I wonder what it actually can mean? If they are guidelines, does this mean they contain more the "art of D&D 4 design" then the actual implementation? Does it contain concepts why certain abilities work the way they are?

Well, access to the rules seems easy - just buy them. But access to the underlying assumptions and guidelines might be worth a lot to many publishers, since it means they can actually create rule subsystems and new spells, rituals or feats that will work on these assumptions.

Or it's a load of crap. I don't know. :)
 

I wonder how man small and mid size publishers this will outright kill? If they can't afford to pay the $5K, the probably can't afford to go 4 to 6 months without selling anything while everyone plays 4E and therefore stops buying d20 supplements. And, on top of it, they'll be so far behind the competition that could pay it might not even be worth the effort.
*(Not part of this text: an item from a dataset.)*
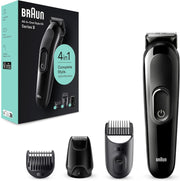 Braun All-In-One Style Kit Series 3 SK3400, 4-in1 Face & Head Trimming Kit, Ultra Sharp Blade, Rechargeable 50 Mins Cordless Runtime - Black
Also: I wonder what the new restrictions are going to be like. Is WotC going to try and block 3rd parties from beating them to the punch on druids, gnomes, monks and all the rest of the stuff that won't be in the initial core?
 

So...they could reference some barebones rules, but say, keep out the combat system. So therefore, when playing the game the players will needa copy of the PhB so they can refernce the combat system, since the 4E combat system will not be Oopen Game content?
 

My assumption, and I could well be wrong, is that the "small publishers" are chiefly people for whom publishing is a secondary calling, not a primary source of income. They have a "day job" and they also publish as a sideline.
 

Mustrum_Ridcully said:
Well, access to the rules seems easy - just buy them. But access to the underlying assumptions and guidelines might be worth a lot to many publishers, since it means they can actually create rule subsystems and new spells, rituals or feats that will work on these assumptions.
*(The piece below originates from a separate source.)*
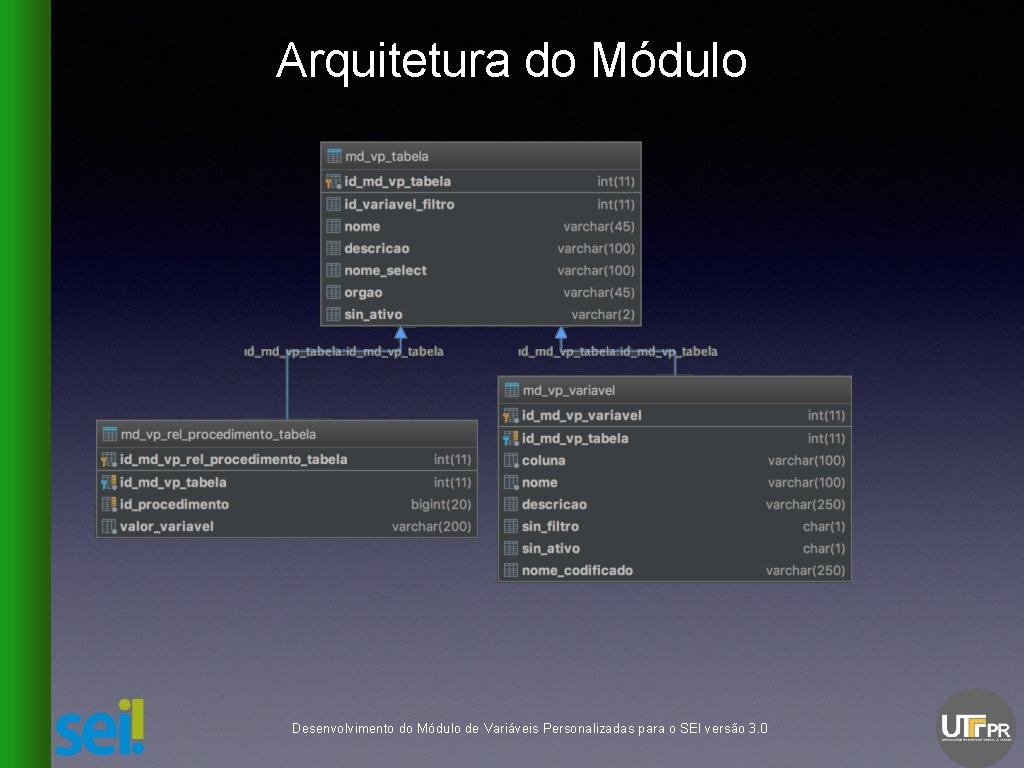 Arquitetura do Módulo Desenvolvimento do Módulo de Variáveis Personalizadas para o SEI versão 3.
Any publisher that actually cared about the underlying design subsystems would already have taken the time to grok them before publishing.

Publishers that didn't care just shoveled crap out the door as fast as they could shovel.
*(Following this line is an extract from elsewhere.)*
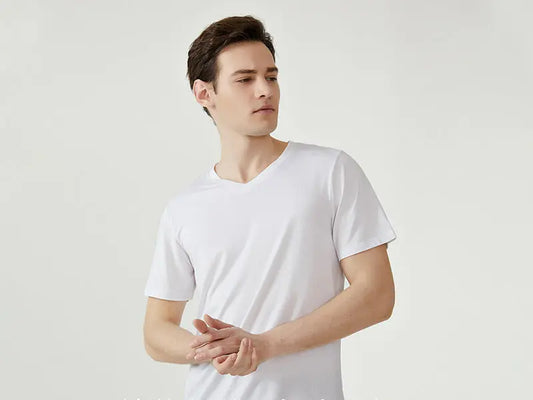 Summer Short-sleeved T-shirt Men's Black, White And Gray V-neck Three-piece Milk Silk Cloud Solid Color Casual Half-sleeve Top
I wouldn't expect that to change...
 

frankthedm said:
It means no complete games can be published. You have to have the PHB at every game.

Iron heroes, True 20, Mutants and masterminds and other stand alones could not have been pubished if 3e/d20 had those restrictions.

I don't know about True20 or M&M, but Iron Heroes was not a stand-alone game system. If you had never played D&D before you would still need the Players' Handbook to understand character creation and game basics that were not covered in the SRD.
 

I'd say the 5k ante to get into the game is designed to curb the junk products that flew out of the starting gates when 3.0 hit. I've got some real stinkers sitting on my shelf that I bought in the first 6 months, some of which I've never even finished reading they were so bad.

What I'm most concerned about is that fact that new new OGL is going to be tied to the 4th means a that a lot of good ideas are going to be off the table again.
 

Reynard said:
Also: I wonder what the new restrictions are going to be like. Is WotC going to try and block 3rd parties from beating them to the punch on druids, gnomes, monks and all the rest of the stuff that won't be in the initial core?
That's a damn good bet.
 

I hate to say it, but having thought about it some more, I see either lawsuits or legal clampdowns (cease & desist orders) on the horizon, over whether someone is making work that extends the 3E SRD fairly, or ripping off the 4E rules against the new restrictions. I could even see stuff like OSRIC coming under fire in the future now.